次の瞬間、セリオンはアウェルヌス湖の近くにいた。

「ここは……スキュラと出会った場所か? 驚いたな」

「地上に戻ってこれたのね。やっぱり地上はいいわね」

「チサはこれからどうするんだ? 一人旅は危ないだろう」

チサは顔を振った。

「いいえ、お二人の邪魔はしたくないから、一人で行くわ。こう見えても、護身術くらい身につけているのよ」

「そうか……それじゃあ、ここでお別れだな」

「ええ、さようなら。神がかなえてくれるなら、また会いましょう!」

そう言ってチサは歩いて行った。

「俺たちも次はどこに行くか、考えないとな」

「そうね。でもどこにサタナエルはいるのかしら?」

「私ならここにいる」

「!? サタナエル!」

セリオンは大剣をサタナエルに向けた。

「これは幻だ。
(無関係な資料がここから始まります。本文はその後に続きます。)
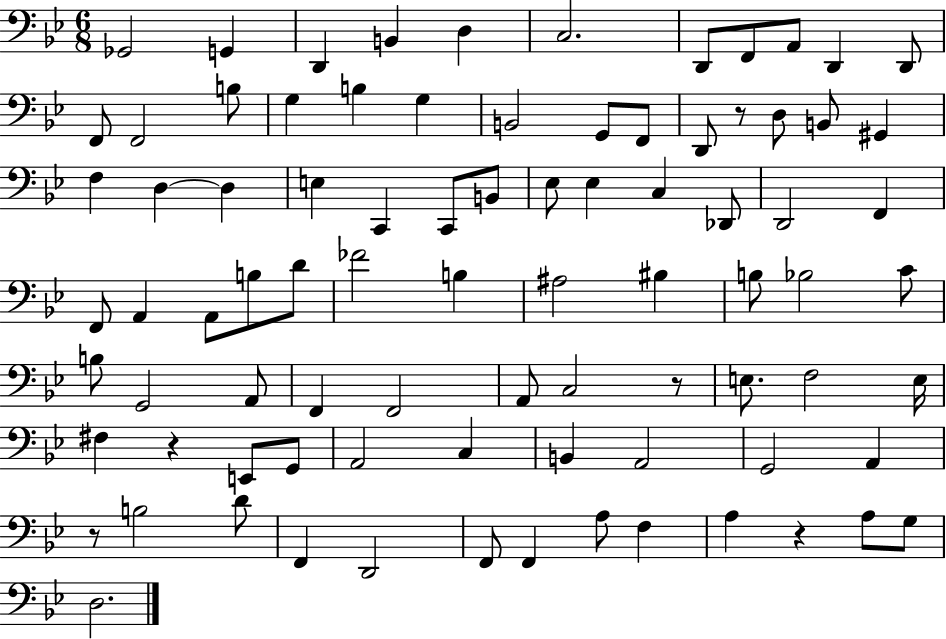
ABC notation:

地下の世界への旅はどうだった? スキュラを倒したのは見事だったぞ?」

「サタナエル……おまえはいったい何がしたいんだ?」

「フフフ……私はおまえを導いているのだ。セリオン、次は北海ほっかい・ノルトハイム地方に来い。その地方のスヴェンスカ(Swenska)に行け。氷の魔女がおまえを出迎えてくれるだろう」

「氷の魔女だと?」

「それでは、さらばだ」

そう言うとサタナエルの幻は消えた。

高評価してくれた方がいて感謝しています。書いていて励みと自信になります。自分の作品が面白くないのではないか、魅力的ではないのではないかと、深く悩みました。いろいろ小説やライトノベルを読んで作品の研究をしてきました。もしかしたらその研究の成果が出てきたのかもしれません。作家としての私にとって評価される作品を作ることは一生悩ましい課題だと思います。文章を書いていて思うことは、文章とその人の個性は切り離せないということです。私の文章がつまらないということはこの私自身がつまらない人間であるということです。私の文章からおもしろさを得られるのならそれ以上作者としてうれしいことはありません。私の作品を読んでくれたすべての人々に感謝します。